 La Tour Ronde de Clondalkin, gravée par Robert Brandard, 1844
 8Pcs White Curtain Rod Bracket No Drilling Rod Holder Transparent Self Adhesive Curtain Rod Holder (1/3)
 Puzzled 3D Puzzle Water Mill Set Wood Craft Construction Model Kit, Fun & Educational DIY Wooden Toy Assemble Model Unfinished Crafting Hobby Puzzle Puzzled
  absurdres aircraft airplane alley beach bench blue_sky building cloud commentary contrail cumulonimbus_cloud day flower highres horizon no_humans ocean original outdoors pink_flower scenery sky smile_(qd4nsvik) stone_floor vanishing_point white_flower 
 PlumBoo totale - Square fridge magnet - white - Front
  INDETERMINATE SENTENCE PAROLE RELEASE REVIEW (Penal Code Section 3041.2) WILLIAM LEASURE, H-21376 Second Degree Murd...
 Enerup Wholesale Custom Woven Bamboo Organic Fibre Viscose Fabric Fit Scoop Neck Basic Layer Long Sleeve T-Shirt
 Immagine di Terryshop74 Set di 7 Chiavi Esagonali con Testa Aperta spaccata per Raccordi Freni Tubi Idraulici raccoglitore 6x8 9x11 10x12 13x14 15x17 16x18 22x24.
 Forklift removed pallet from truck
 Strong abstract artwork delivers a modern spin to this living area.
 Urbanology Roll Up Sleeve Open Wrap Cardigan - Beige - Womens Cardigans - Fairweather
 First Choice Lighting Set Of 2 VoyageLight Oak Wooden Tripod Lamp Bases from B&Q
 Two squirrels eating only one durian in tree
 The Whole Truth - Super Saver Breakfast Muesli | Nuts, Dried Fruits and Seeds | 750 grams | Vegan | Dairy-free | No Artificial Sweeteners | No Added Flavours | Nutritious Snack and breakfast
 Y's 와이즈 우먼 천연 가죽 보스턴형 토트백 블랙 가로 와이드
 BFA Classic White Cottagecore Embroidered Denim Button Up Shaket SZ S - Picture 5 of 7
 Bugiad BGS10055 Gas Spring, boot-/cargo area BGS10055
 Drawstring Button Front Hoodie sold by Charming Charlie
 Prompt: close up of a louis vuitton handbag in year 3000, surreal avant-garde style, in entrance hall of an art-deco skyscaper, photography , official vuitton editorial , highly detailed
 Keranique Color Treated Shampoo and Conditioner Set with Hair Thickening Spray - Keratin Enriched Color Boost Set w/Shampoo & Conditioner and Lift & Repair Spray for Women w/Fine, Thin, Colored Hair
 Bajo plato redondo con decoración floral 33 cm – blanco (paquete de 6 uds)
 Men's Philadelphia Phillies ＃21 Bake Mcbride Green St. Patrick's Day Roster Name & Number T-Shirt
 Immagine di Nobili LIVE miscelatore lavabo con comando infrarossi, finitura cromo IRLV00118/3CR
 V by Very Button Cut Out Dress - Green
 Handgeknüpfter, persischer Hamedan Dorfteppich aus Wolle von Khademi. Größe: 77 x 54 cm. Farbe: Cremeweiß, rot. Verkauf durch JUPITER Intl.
== == ==
PROBLEM REQUIREMENTS → Each record needs to be duplicated exactly.

ANSWER SPACE →
 La Tour Ronde de Clondalkin, gravée par Robert Brandard, 1844
 8Pcs White Curtain Rod Bracket No Drilling Rod Holder Transparent Self Adhesive Curtain Rod Holder (1/3)
 Puzzled 3D Puzzle Water Mill Set Wood Craft Construction Model Kit, Fun & Educational DIY Wooden Toy Assemble Model Unfinished Crafting Hobby Puzzle Puzzled
  absurdres aircraft airplane alley beach bench blue_sky building cloud commentary contrail cumulonimbus_cloud day flower highres horizon no_humans ocean original outdoors pink_flower scenery sky smile_(qd4nsvik) stone_floor vanishing_point white_flower 
 PlumBoo totale - Square fridge magnet - white - Front
  INDETERMINATE SENTENCE PAROLE RELEASE REVIEW (Penal Code Section 3041.2) WILLIAM LEASURE, H-21376 Second Degree Murd...
 Enerup Wholesale Custom Woven Bamboo Organic Fibre Viscose Fabric Fit Scoop Neck Basic Layer Long Sleeve T-Shirt
 Immagine di Terryshop74 Set di 7 Chiavi Esagonali con Testa Aperta spaccata per Raccordi Freni Tubi Idraulici raccoglitore 6x8 9x11 10x12 13x14 15x17 16x18 22x24.
 Forklift removed pallet from truck
 Strong abstract artwork delivers a modern spin to this living area.
 Urbanology Roll Up Sleeve Open Wrap Cardigan - Beige - Womens Cardigans - Fairweather
 First Choice Lighting Set Of 2 VoyageLight Oak Wooden Tripod Lamp Bases from B&Q
 Two squirrels eating only one durian in tree
 The Whole Truth - Super Saver Breakfast Muesli | Nuts, Dried Fruits and Seeds | 750 grams | Vegan | Dairy-free | No Artificial Sweeteners | No Added Flavours | Nutritious Snack and breakfast
 Y's 와이즈 우먼 천연 가죽 보스턴형 토트백 블랙 가로 와이드
 BFA Classic White Cottagecore Embroidered Denim Button Up Shaket SZ S - Picture 5 of 7
 Bugiad BGS10055 Gas Spring, boot-/cargo area BGS10055
 Drawstring Button Front Hoodie sold by Charming Charlie
 Prompt: close up of a louis vuitton handbag in year 3000, surreal avant-garde style, in entrance hall of an art-deco skyscaper, photography , official vuitton editorial , highly detailed
 Keranique Color Treated Shampoo and Conditioner Set with Hair Thickening Spray - Keratin Enriched Color Boost Set w/Shampoo & Conditioner and Lift & Repair Spray for Women w/Fine, Thin, Colored Hair
 Bajo plato redondo con decoración floral 33 cm – blanco (paquete de 6 uds)
 Men's Philadelphia Phillies ＃21 Bake Mcbride Green St. Patrick's Day Roster Name & Number T-Shirt
 Immagine di Nobili LIVE miscelatore lavabo con comando infrarossi, finitura cromo IRLV00118/3CR
 V by Very Button Cut Out Dress - Green
 Handgeknüpfter, persischer Hamedan Dorfteppich aus Wolle von Khademi. Größe: 77 x 54 cm. Farbe: Cremeweiß, rot. Verkauf durch JUPITER Intl.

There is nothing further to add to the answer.